Data excerpts>
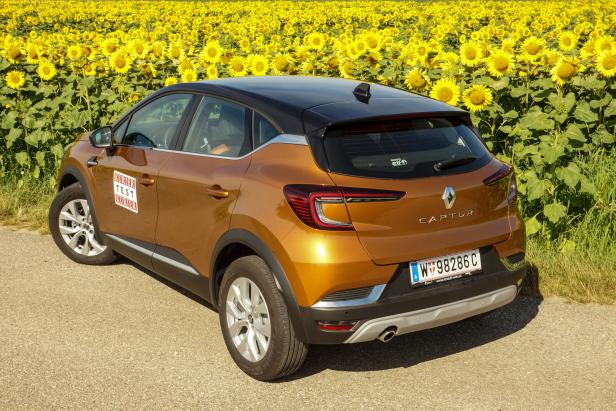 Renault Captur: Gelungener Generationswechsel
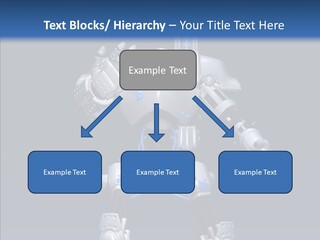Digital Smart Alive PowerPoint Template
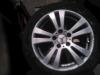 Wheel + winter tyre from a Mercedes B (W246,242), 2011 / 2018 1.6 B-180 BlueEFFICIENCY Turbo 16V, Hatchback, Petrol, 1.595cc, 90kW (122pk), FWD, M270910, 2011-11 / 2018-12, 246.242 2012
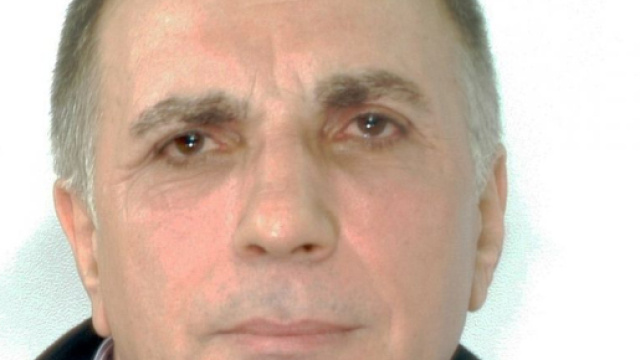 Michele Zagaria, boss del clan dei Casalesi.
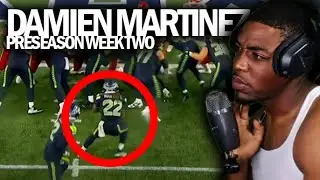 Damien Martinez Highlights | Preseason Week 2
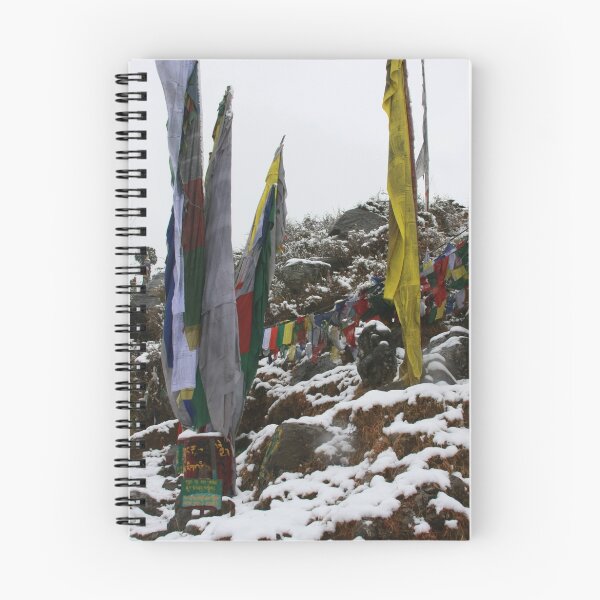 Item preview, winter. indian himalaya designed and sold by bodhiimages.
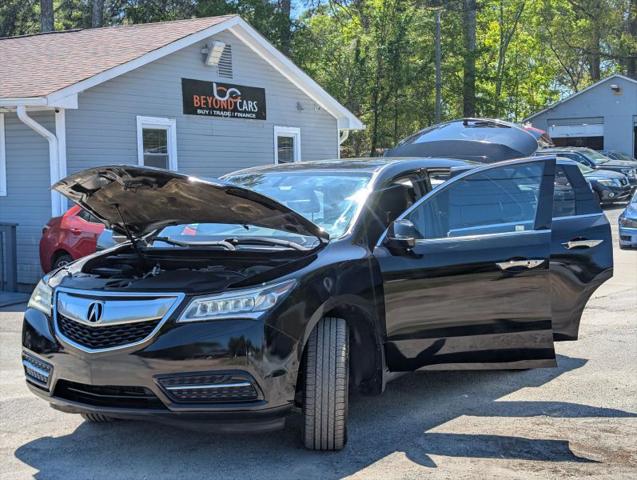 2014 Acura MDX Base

What to produce> Please write out, word for word, each line from the one with "Item preview, winter." to the last line of the data, keeping both ends and omitting pictures.

Result below>
 Item preview, winter. indian himalaya designed and sold by bodhiimages.
 2014 Acura MDX Base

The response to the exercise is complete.